### Work instruction
Your answer must match, word for word, the lines from the one holding "Lavish Beige Lace" through the final line below, with pictures excluded.

### Given data
=-=-=

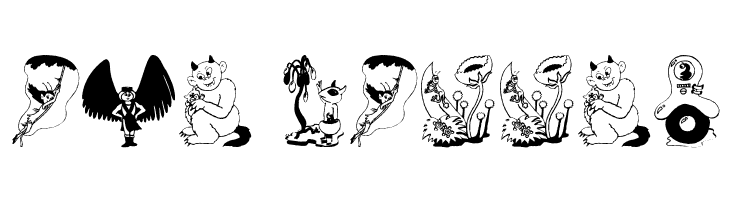 SpaceBeingsTwo  Free Fonts Download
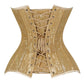Lavish Beige Lace Overbust Corset Sweetheart Neckline Busk Closure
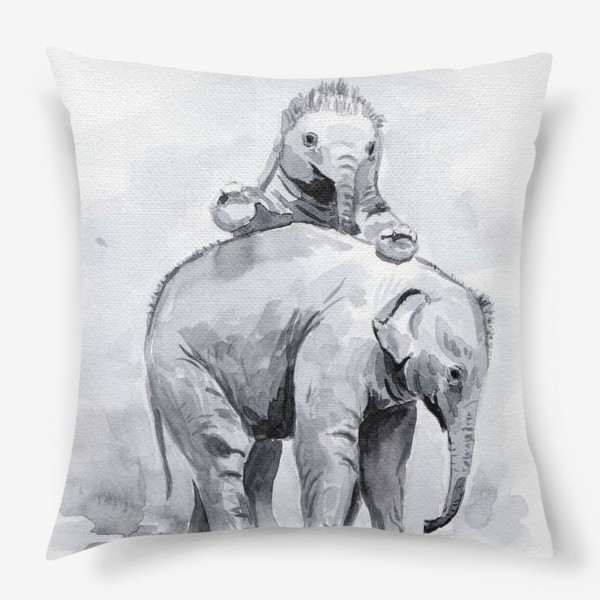 Подушка «Слонята»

=-=-=

### Exercise response
Lavish Beige Lace Overbust Corset Sweetheart Neckline Busk Closure
 Подушка «Слонята»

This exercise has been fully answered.